Entonces la palabra de Yahvé vino a él y le dijo: “Ese hombre no será tu heredero; tu heredero será tu propio hijo”. Luego Yahvé lo llevó afuera y le dijo: “Mira al cielo y cuenta las estrellas, a ver si puedes contarlas”. Y añadió: “Así de numerosa será tu descendencia”. Abram le creyó a Yahvé, y el Señor se lo reconoció como justicia. Además, le dijo: “Yo soy Yahvé, que te saqué de Ur de los caldeos para darte esta tierra como herencia”.
Pero Abram le preguntó: “Señor Yahvé, ¿cómo sabré que esta tierra va a ser mía?”
Yahvé le respondió: “Tráeme una ternera, una cabra y un carnero, todos de tres años, y también una tórtola y un pichón de paloma”. 10 Abram le trajo todos estos animales, los partió por la mitad y puso cada mitad frente a la otra, pero no partió las aves. 11 Cuando las aves de rapiña bajaron sobre los animales muertos, Abram las espantó.

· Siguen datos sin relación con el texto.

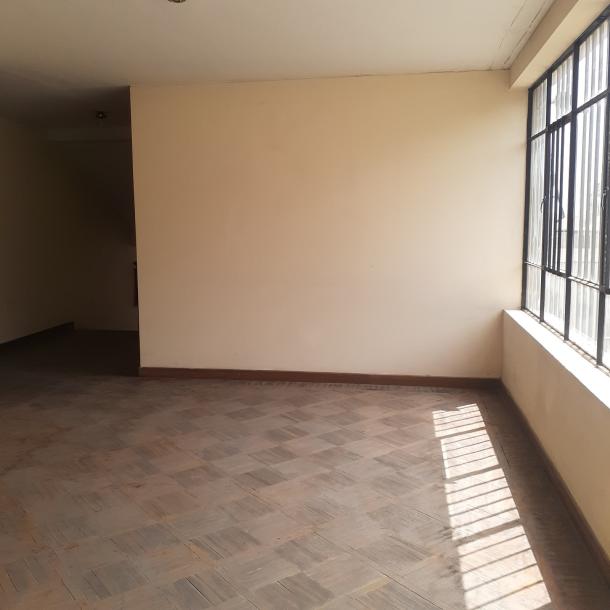 Vendo Casa en Los Robles cuadra 7 - Chaclacayo-5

12 Al atardecer, Abram cayó en un sueño profundo, y lo invadió un temor y una gran oscuridad. 13 Entonces Yahvé le dijo: “Ten por seguro que tus descendientes vivirán como extranjeros en un país que no será el suyo. Allí serán esclavos, y los maltratarán durante cuatrocientos años. 14 Pero yo también castigaré a la nación de la que serán esclavos, y después saldrán de allí con grandes riquezas. 15 Tú, por tu parte, morirás en paz y serás enterrado a una edad muy avanzada. 16 En la cuarta generación tus descendientes volverán a este lugar, porque la maldad de los amorreos aún no ha llegado a su límite”. 17 Cuando el sol se puso y todo quedó a oscuras, aparecieron un horno humeante y una antorcha encendida, los cuales pasaron por en medio de los animales descuartizados. 18 Aquel día Yahvé hizo un pacto con Abram, diciendo: “A tu descendencia le he dado esta tierra, desde el río de Egipto hasta el gran río Éufrates: 19 la tierra de los quenitas, de los quenizitas, de los cadmonitas, 20 de los hititas, de los ferezeos, de los refaítas, 21 de los amorreos, de los cananeos, de los gergeseos y de los jebuseos”.
* 15:2 La palabra traducida “Señor” es “Adonai”.